Hipotezin Temel Varsayımları
Keynes, insan davranışlarını etkileyen temel eğilimleri "psikolojik yasa" şeklinde ifade eder. Bu yasa, insanların genel olarak gelirleri arttıkça tüketimlerini artırma eğiliminde olduklarını; ancak tüketim artışının gelir artışından daha düşük olacağını belirtir. Mutlak Gelir Hipotezi’nin dayandığı varsayımlar şu şekildedir:
- Tüketim, harcanabilir gelirin bir fonksiyonudur.
- Gelirdeki artışın tamamı tüketime yansımaz; bir kısmı tasarrufa gider.
- Marjinal Tüketim Eğilimi (MPC) sabittir ve 0 < MPC < 1 şeklindedir.
- Ortalama Tüketim Eğilimi (APC), gelir arttıkça azalır.
- Tüketim kararları geleceğe yönelik beklentilerden ziyade bugünkü gelir düzeyine dayanır.
Ortaya Çıkış ve Gelişimi
Keynes’in Mutlak Gelir Hipotezi, özellikle Büyük Buhran sonrasında iktisadi istikrar politikalarının oluşturulmasında kullanılmış ve II. Dünya Savaşı sonrası dönemde birçok ampirik çalışma tarafından desteklenmiştir. Ancak zamanla yapılan gözlemler, bu hipotezin uzun dönem geçerliliğine dair bazı soru işaretlerini doğurmuştur.
- Simon Kuznets (1946) uzun dönem verileri analiz ederek, gelir arttıkça ortalama tüketim eğiliminin (APC) azalmadığını, sabit kaldığını göstermiştir.
- Bu durum literatürde “Tüketim Bulmacası” (Consumption Puzzle) olarak adlandırılmıştır.
Politik Yansımalar
Mutlak Gelir Hipotezi, özellikle kısa dönemli iktisat politikalarının tasarımı açısından önem taşır. Gelir artırıcı maliye politikalarının (örneğin kamu harcamaları veya vergi indirimleri) toplam talep üzerindeki etkisinin analizinde temel alınır. Marjinal tüketim eğilimi yüksekse, gelir artışı tüketim üzerinden çarpan etkisiyle ekonomide daha büyük bir genişlemeye neden olabilir.
Eleştiriler ve Alternatifler
Mutlak Gelir Hipotezi, özellikle kısa dönem için güçlü bir açıklama sağlasa da, uzun dönem tüketim eğilimlerini açıklamada yetersiz kalmıştır.
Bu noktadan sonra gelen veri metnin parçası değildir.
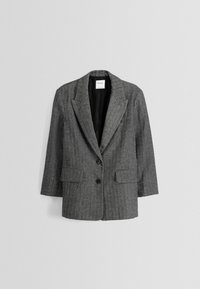 Blazer grigio a quadri con rever a punta, due tasche anteriori, due bottoni neri e una fodera interna liscia. Vestibilità sartoriale, maniche di lunghezza intermedia.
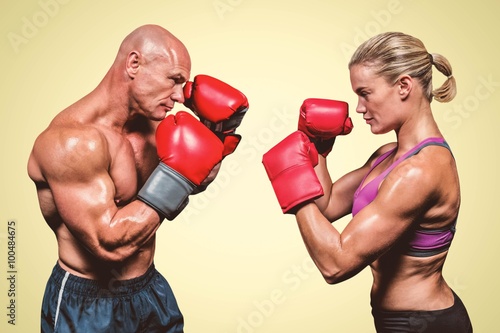 Composite image of side view of boxers with fighting stance © vectorfusionart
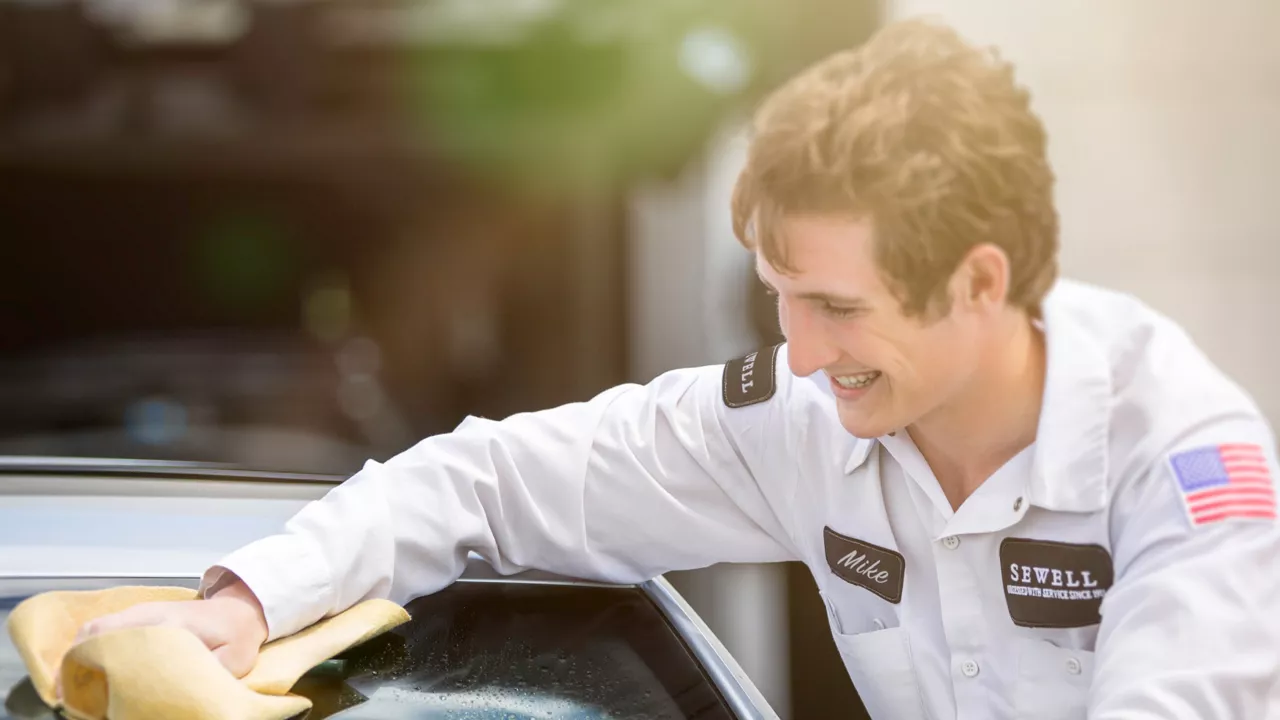 Audi service technician servicing a vehicle.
Simon Kuznets’in 1940’lı yıllarda yaptığı uzun dönemli gözlemler, gelir arttıkça ortalama tüketim eğiliminin sabit kaldığını göstermiş ve bu, Mutlak Gelir Hipotezi’nin temel varsayımlarını sorgulayan "tüketim bulmacası" tartışmasına yol açmıştır. Bu bağlamda, zamanla alternatif teoriler geliştirilmiştir:
- Nispi Gelir Hipotezi (Duesenberry, 1949)
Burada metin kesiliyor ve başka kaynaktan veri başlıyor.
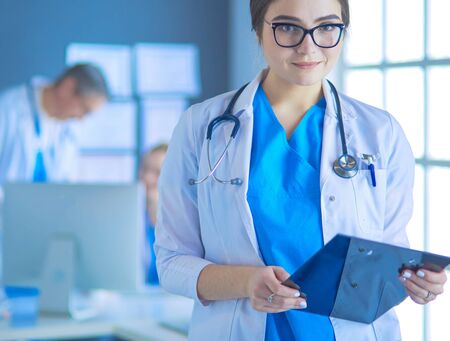 Female doctor using tablet computer in hospital lobbyの写真素材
- Sürekli Gelir Hipotezi (Friedman, 1957)
- Yaşam Boyu Gelir Hipotezi (Modigliani & Ando, 1963)
- Zamanlararası Tüketim Tercihi (Fisher, 1930)
Bu teoriler, bireylerin sadece cari gelirlerine değil, geçmiş gelir düzeylerine, beklentilere, servete ve yaşam evrelerine bağlı olarak tüketim kararları aldıklarını ileri sürmüştür.